Youngkin rallies with Kemp to aid bid for suburban Atlanta votes

By: - September 28, 2022 4:16 pm

Virginia Gov. Glenn Youngkin held a get-out-the-vote rally for Georgia Gov. Brian Kemp in Alpharetta Tuesday. Youngkin has been campaigning for Republican candidates in battleground states like Georgia. Jill Nolin/Georgia Recorder

Virginia Gov. Glenn Youngkin joined Georgia Gov. Brian Kemp in the Atlanta suburbs Tuesday in hopes of firing up conservative voters in an area that has been moving toward Democrats in recent elections.

Kemp took the stage in Alpharetta’s City Center with Youngkin, whose narrow win last year and success in suburban areas made him a rising star in GOP politics. Youngkin has been campaigning for Republican candidates in other battleground states, like Michigan and Nevada, stirring speculation about his own political aspirations.

“Every state in America deserves a Republican governor,” Youngkin told reporters when asked about whether the 2024 election speculation has become a distraction for him.

Youngkin advised down-ballot Georgia Republican candidates to follow Kemp’s lead and focus on inflation, education policies and crime. Both governors promoted their states’ decision to issue a one-time special refund to taxpayers this year.

Kemp and his opponent, Democrat Stacey Abrams, have both said they would support issuing another refund next year, though they have differing visions for what to do with the rest of the state’s budget surplus.

Virginia Gov. Glenn Youngkin stumped for Georgia Gov. Brian Kemp in Alpharetta, a northern Atlanta suburb. (Jill Nolin / Georgia Recorder)

“Elections are about the future, and we’ve got to be standing for something,” Kemp said to the crowd Tuesday. “We’ve got to give people a reason to vote for us, and we’re gonna do that. Because when we get back in January after we win this election, we’re gonna send another billion dollars back to the taxpayer because we have excess revenue to do that.”

Kemp has been leading Abrams slightly in the polls, but the last day of voting is still six weeks away. When asked Tuesday if the Democrats’ ground game was still a concern of his, Kemp quickly responded “damn right it is.”

“I will tell all those people out there, don’t believe any of these polls. You cannot underestimate their ground game,” he said. “We cannot get overconfident. We have to work like we’ve never worked before, and we have to have a ground game quite honestly that can compete with theirs. And I believe this year we’re going to do that. We’re never going out to outspend them, but I do believe we’re going to out work them.”

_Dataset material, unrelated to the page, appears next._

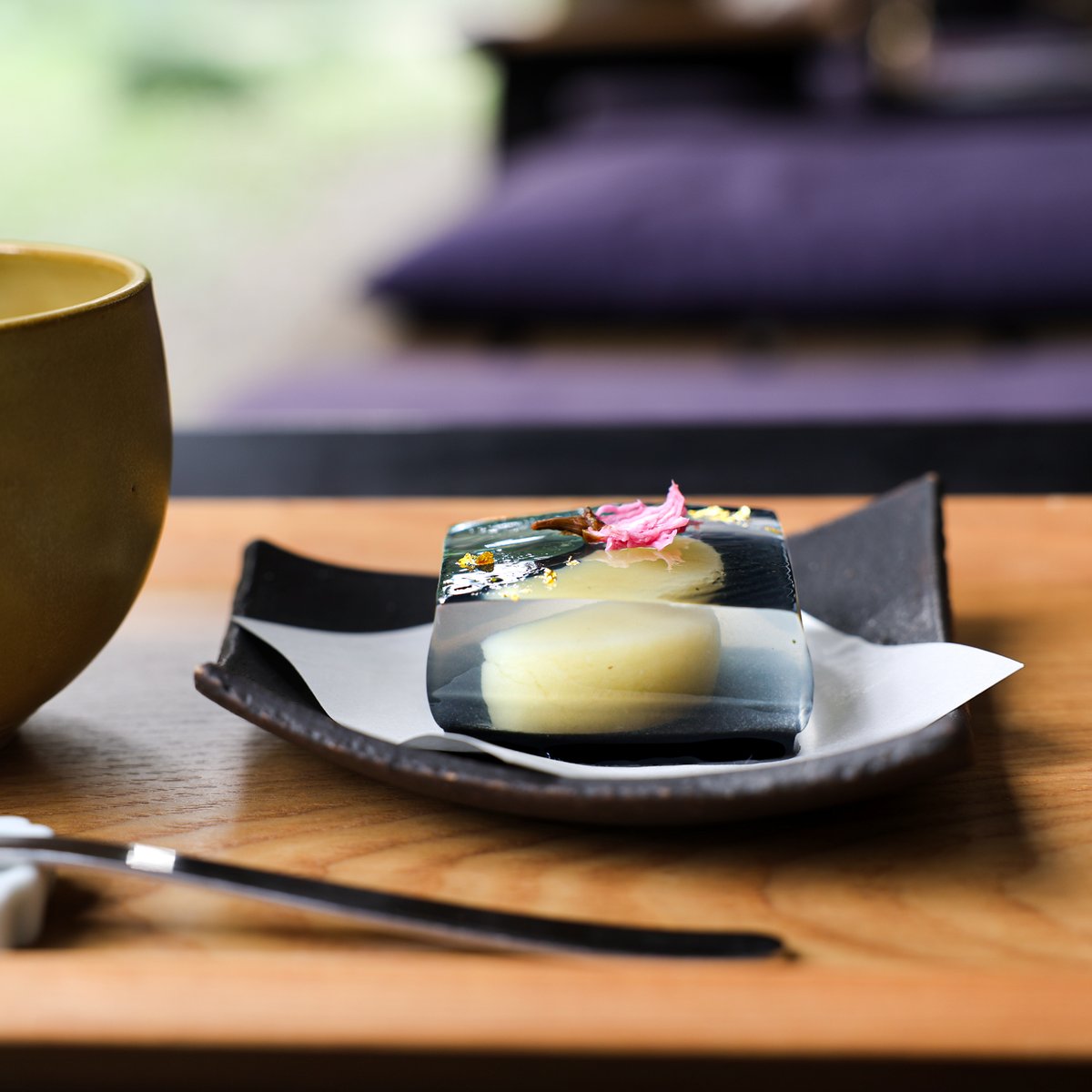 TNM_PR's tweet photo. 🍵#TOHAKU茶館🍵
本館3室にて10月25日(日)まで展示中の国宝「太刀(名物　三日月宗近)」をイメージした「錦玉羹とお抹茶のセット」(税込2,200円)をご用意しています✨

Kemp pushed for and signed into law several controversial education bills earlier this year, including one measure setting the stage for the Georgia High School Association to require transgender athletes to play on the team aligned with the gender identified on their birth certificate. And he was cheered Tuesday after saying “we’re going to make sure that we have fairness in girls’ sports” when rattling off a list of education-related policies.

On the same day Youngkin stumped for Kemp in Georgia, students from more than 90 Virginia schools participated in a planned walkout to protest Youngkin’s proposed rollback of transgender-inclusive K-12 policies.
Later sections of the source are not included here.